The BC NDP say they would also stop the $3.5 billion bridge being built to replace the congested George Massey Tunnel.
“It’s not the best way to go. It’s a big ton of money that could be put towards other improvements,” said Horgan. “The twinning of the tunnel, or the rejuvenating of the tunnel, is a more cost effective way to get a better result.”
While we’re on the issue of transport, there’s the thorny issue of rideshare to discuss. The BC NDP have been less than enthusiastic in the past about companies like Uber and Lyft.
Horgan readily admits, “For those voters who do believe rideshare is the most important thing, I might not be their guy.”
But, he says, a BC NDP government would bring in rideshare, potentially as early as May 2018–once they’ve levelled the playing field for taxi drivers.
“Clearly there’s a need for the service, and we’ve been absolutely up front about that. It’s coming. Let’s do it right.”
Nevertheless, he says, the taxi industry needs to adapt fast. “If it doesn’t, then it won’t exist anymore,” said Horgan.
It’s while we’re discussing rideshare that Game of Thrones comes up, as Horgan describes his previous attempts to warn the BC government rideshare was coming.
“Change is coming. Winter is coming. You know, let’s be ready for it.”
Winter is coming? Horgan says he doesn’t want to link that to his rideshare policy. Fair enough. Being able to get an Uber really isn’t the same as being invaded by whitewalkers.
But is he really a Game of Thrones fan?
“Yes I am! I’ve been actively looking at spoilers all over the place. I can’t wait,” said Horgan, eagerly anticipating the next season of GoT in June.
“I’ve only read two of the books–I just don’t have time–and I can’t wait for June.”
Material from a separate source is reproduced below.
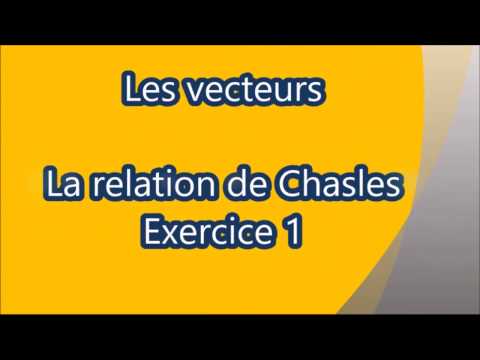 Les vecteurs et la relation de Chasles - Exercice 24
Who knew? Now, back to the real-life game of thrones playing out on the BC stage right now. Does Horgan stand a chance?
“I believe that people want a government and that they want change,” said Horgan.
“They’re tired of someone who’s making life harder for them, not easier. And saying everything is great, when it’s not. They know it’s not.”
“We have laid out the plan, we are going to stick to the plan and it’s costed, it’s affordable and it’s a start. But is this the end? I don’t think so.
“I see infinite possibilities for people, I see infinite possibilities for British Columbia and we need a government that’s engaged with people to have those types of discussions.”